## Dataset entries
——

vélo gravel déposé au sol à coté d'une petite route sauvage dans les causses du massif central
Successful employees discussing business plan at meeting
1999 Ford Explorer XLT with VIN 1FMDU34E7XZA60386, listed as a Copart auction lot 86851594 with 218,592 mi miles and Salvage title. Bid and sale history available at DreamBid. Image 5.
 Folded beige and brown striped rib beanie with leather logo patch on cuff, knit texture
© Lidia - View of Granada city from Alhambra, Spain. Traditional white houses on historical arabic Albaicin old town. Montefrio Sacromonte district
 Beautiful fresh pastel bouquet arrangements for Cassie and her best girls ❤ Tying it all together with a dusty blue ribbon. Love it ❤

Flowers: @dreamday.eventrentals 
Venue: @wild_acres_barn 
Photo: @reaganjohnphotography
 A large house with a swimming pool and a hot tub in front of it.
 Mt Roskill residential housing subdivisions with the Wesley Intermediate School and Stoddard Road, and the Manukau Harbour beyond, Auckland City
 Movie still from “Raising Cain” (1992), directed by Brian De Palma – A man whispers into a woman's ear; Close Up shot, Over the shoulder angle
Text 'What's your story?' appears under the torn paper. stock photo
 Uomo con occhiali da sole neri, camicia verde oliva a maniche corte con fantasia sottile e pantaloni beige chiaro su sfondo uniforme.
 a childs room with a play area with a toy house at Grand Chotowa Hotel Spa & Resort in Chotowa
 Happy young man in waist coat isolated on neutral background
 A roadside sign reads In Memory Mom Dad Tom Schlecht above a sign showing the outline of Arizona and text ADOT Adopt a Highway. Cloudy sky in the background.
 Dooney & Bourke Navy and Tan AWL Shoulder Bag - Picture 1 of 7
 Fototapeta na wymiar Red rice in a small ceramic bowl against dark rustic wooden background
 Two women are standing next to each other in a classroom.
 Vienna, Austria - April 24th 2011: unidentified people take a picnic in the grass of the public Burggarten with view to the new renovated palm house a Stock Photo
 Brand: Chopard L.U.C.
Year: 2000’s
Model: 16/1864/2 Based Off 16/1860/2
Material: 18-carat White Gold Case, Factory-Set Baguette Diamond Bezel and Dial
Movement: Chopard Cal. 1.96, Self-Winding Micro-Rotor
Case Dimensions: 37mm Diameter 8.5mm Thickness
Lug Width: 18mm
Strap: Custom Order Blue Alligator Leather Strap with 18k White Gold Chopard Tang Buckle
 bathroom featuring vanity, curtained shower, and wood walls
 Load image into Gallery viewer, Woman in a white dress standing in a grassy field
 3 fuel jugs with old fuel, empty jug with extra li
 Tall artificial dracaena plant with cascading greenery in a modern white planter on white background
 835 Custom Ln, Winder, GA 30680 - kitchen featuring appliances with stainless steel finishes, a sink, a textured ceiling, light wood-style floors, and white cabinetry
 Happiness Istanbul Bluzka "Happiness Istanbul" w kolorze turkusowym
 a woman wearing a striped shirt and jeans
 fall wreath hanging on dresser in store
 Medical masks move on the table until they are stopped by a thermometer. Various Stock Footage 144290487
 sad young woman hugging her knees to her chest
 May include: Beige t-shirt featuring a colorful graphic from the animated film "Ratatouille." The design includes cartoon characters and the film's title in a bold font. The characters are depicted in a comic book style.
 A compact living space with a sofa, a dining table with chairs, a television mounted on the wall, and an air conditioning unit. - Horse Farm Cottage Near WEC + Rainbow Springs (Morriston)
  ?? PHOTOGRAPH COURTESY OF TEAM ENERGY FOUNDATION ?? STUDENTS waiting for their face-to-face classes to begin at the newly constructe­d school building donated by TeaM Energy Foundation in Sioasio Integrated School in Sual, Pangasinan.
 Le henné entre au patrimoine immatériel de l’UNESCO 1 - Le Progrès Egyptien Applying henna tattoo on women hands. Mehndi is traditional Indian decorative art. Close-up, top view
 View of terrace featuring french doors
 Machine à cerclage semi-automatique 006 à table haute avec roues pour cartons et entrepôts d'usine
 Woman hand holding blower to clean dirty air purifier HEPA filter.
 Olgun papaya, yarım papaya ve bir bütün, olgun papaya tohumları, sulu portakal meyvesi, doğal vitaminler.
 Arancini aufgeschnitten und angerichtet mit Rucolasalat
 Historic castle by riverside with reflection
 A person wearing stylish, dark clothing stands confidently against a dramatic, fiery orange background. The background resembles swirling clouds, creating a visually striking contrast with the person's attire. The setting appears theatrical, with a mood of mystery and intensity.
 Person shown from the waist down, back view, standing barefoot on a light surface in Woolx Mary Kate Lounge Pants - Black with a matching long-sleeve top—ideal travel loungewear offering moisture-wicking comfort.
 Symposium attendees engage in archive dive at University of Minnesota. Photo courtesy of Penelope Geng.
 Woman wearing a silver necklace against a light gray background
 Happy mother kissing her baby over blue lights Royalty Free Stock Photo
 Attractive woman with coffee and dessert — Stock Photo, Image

——

## Assignment
The material above must be returned word for word, complete.

## Finished task
vélo gravel déposé au sol à coté d'une petite route sauvage dans les causses du massif central
Successful employees discussing business plan at meeting
1999 Ford Explorer XLT with VIN 1FMDU34E7XZA60386, listed as a Copart auction lot 86851594 with 218,592 mi miles and Salvage title. Bid and sale history available at DreamBid. Image 5.
 Folded beige and brown striped rib beanie with leather logo patch on cuff, knit texture
© Lidia - View of Granada city from Alhambra, Spain. Traditional white houses on historical arabic Albaicin old town. Montefrio Sacromonte district
 Beautiful fresh pastel bouquet arrangements for Cassie and her best girls ❤ Tying it all together with a dusty blue ribbon. Love it ❤

Flowers: @dreamday.eventrentals 
Venue: @wild_acres_barn 
Photo: @reaganjohnphotography
 A large house with a swimming pool and a hot tub in front of it.
 Mt Roskill residential housing subdivisions with the Wesley Intermediate School and Stoddard Road, and the Manukau Harbour beyond, Auckland City
 Movie still from “Raising Cain” (1992), directed by Brian De Palma – A man whispers into a woman's ear; Close Up shot, Over the shoulder angle
Text 'What's your story?' appears under the torn paper. stock photo
 Uomo con occhiali da sole neri, camicia verde oliva a maniche corte con fantasia sottile e pantaloni beige chiaro su sfondo uniforme.
 a childs room with a play area with a toy house at Grand Chotowa Hotel Spa & Resort in Chotowa
 Happy young man in waist coat isolated on neutral background
 A roadside sign reads In Memory Mom Dad Tom Schlecht above a sign showing the outline of Arizona and text ADOT Adopt a Highway. Cloudy sky in the background.
 Dooney & Bourke Navy and Tan AWL Shoulder Bag - Picture 1 of 7
 Fototapeta na wymiar Red rice in a small ceramic bowl against dark rustic wooden background
 Two women are standing next to each other in a classroom.
 Vienna, Austria - April 24th 2011: unidentified people take a picnic in the grass of the public Burggarten with view to the new renovated palm house a Stock Photo
 Brand: Chopard L.U.C.
Year: 2000’s
Model: 16/1864/2 Based Off 16/1860/2
Material: 18-carat White Gold Case, Factory-Set Baguette Diamond Bezel and Dial
Movement: Chopard Cal. 1.96, Self-Winding Micro-Rotor
Case Dimensions: 37mm Diameter 8.5mm Thickness
Lug Width: 18mm
Strap: Custom Order Blue Alligator Leather Strap with 18k White Gold Chopard Tang Buckle
 bathroom featuring vanity, curtained shower, and wood walls
 Load image into Gallery viewer, Woman in a white dress standing in a grassy field
 3 fuel jugs with old fuel, empty jug with extra li
 Tall artificial dracaena plant with cascading greenery in a modern white planter on white background
 835 Custom Ln, Winder, GA 30680 - kitchen featuring appliances with stainless steel finishes, a sink, a textured ceiling, light wood-style floors, and white cabinetry
 Happiness Istanbul Bluzka "Happiness Istanbul" w kolorze turkusowym
 a woman wearing a striped shirt and jeans
 fall wreath hanging on dresser in store
 Medical masks move on the table until they are stopped by a thermometer. Various Stock Footage 144290487
 sad young woman hugging her knees to her chest
 May include: Beige t-shirt featuring a colorful graphic from the animated film "Ratatouille." The design includes cartoon characters and the film's title in a bold font. The characters are depicted in a comic book style.
 A compact living space with a sofa, a dining table with chairs, a television mounted on the wall, and an air conditioning unit. - Horse Farm Cottage Near WEC + Rainbow Springs (Morriston)
  ?? PHOTOGRAPH COURTESY OF TEAM ENERGY FOUNDATION ?? STUDENTS waiting for their face-to-face classes to begin at the newly constructe­d school building donated by TeaM Energy Foundation in Sioasio Integrated School in Sual, Pangasinan.
 Le henné entre au patrimoine immatériel de l’UNESCO 1 - Le Progrès Egyptien Applying henna tattoo on women hands. Mehndi is traditional Indian decorative art. Close-up, top view
 View of terrace featuring french doors
 Machine à cerclage semi-automatique 006 à table haute avec roues pour cartons et entrepôts d'usine
 Woman hand holding blower to clean dirty air purifier HEPA filter.
 Olgun papaya, yarım papaya ve bir bütün, olgun papaya tohumları, sulu portakal meyvesi, doğal vitaminler.
 Arancini aufgeschnitten und angerichtet mit Rucolasalat
 Historic castle by riverside with reflection
 A person wearing stylish, dark clothing stands confidently against a dramatic, fiery orange background. The background resembles swirling clouds, creating a visually striking contrast with the person's attire. The setting appears theatrical, with a mood of mystery and intensity.
 Person shown from the waist down, back view, standing barefoot on a light surface in Woolx Mary Kate Lounge Pants - Black with a matching long-sleeve top—ideal travel loungewear offering moisture-wicking comfort.
 Symposium attendees engage in archive dive at University of Minnesota. Photo courtesy of Penelope Geng.
 Woman wearing a silver necklace against a light gray background
 Happy mother kissing her baby over blue lights Royalty Free Stock Photo
 Attractive woman with coffee and dessert — Stock Photo, Image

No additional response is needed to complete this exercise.